Work task
What you return must be the data below, word for word, without any images.

(Image-caption web data)

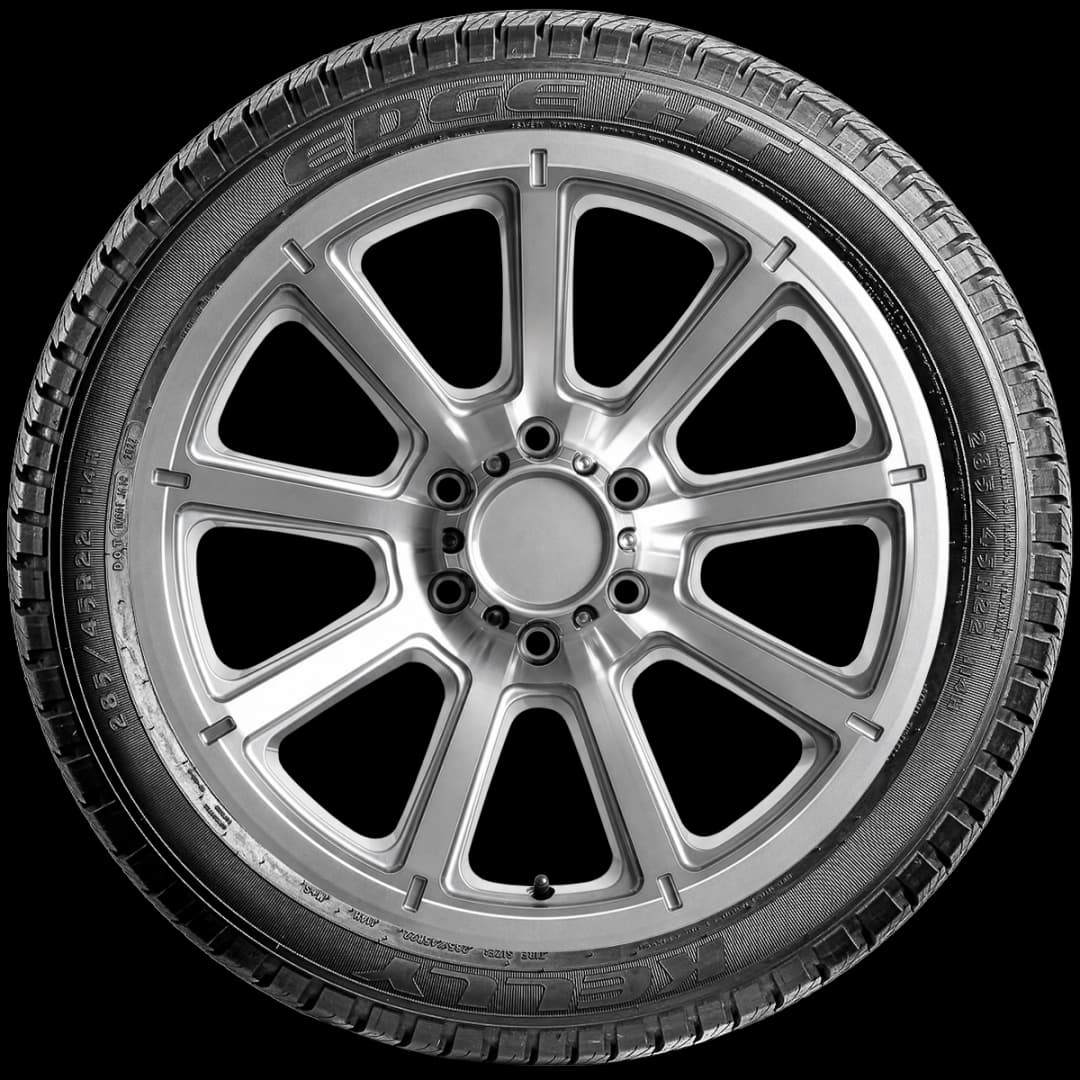 Kelly Edge HT (Kelly is a Goodyear Brand) 20" side tire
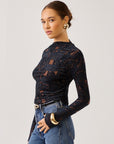 Khami Shirred Top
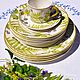 Винтаж: Villeroy&Boch."Forsa".Набор посуды.(14 предметов). Сервизы винтажные. Империя. Интернет-магазин Ярмарка Мастеров.  Фото №2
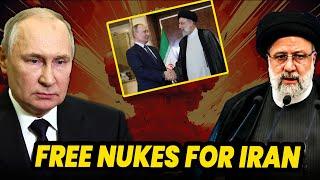 Israel Is Worried!  Russia Is Giving Nuclear Bombs To Iran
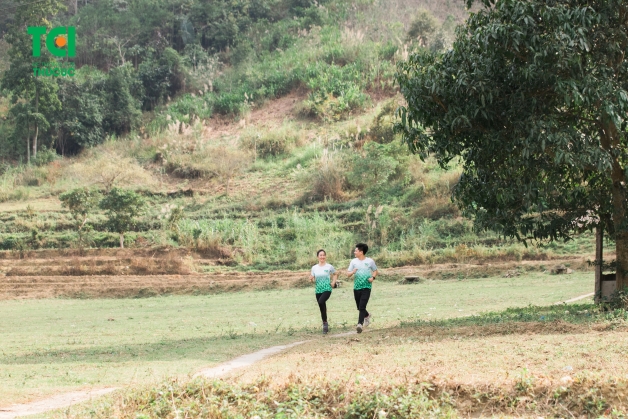 chạy bộ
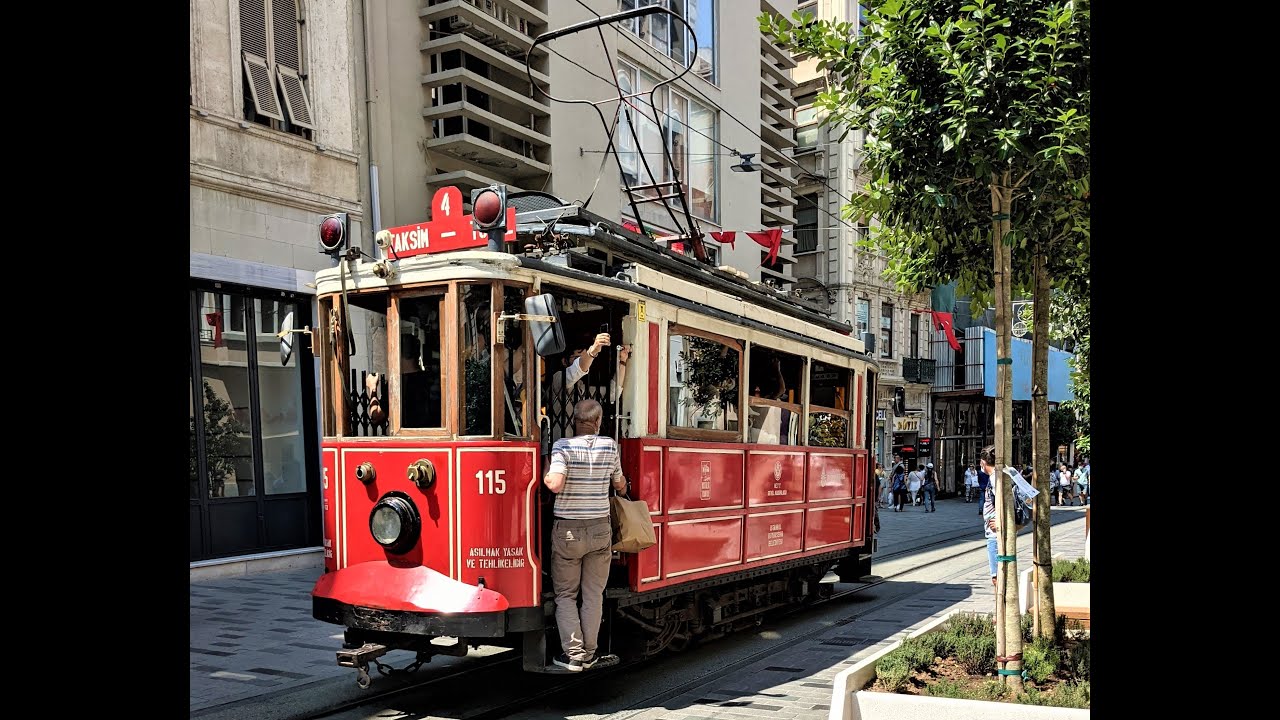 Istanbul Streets Hot July Street Vibes Mood video Turkish music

Response
 Kelly Edge HT (Kelly is a Goodyear Brand) 20" side tire
 Khami Shirred Top
 Винтаж: Villeroy&Boch."Forsa".Набор посуды.(14 предметов). Сервизы винтажные. Империя. Интернет-магазин Ярмарка Мастеров.  Фото №2
 Israel Is Worried!  Russia Is Giving Nuclear Bombs To Iran
 chạy bộ
 Istanbul Streets Hot July Street Vibes Mood video Turkish music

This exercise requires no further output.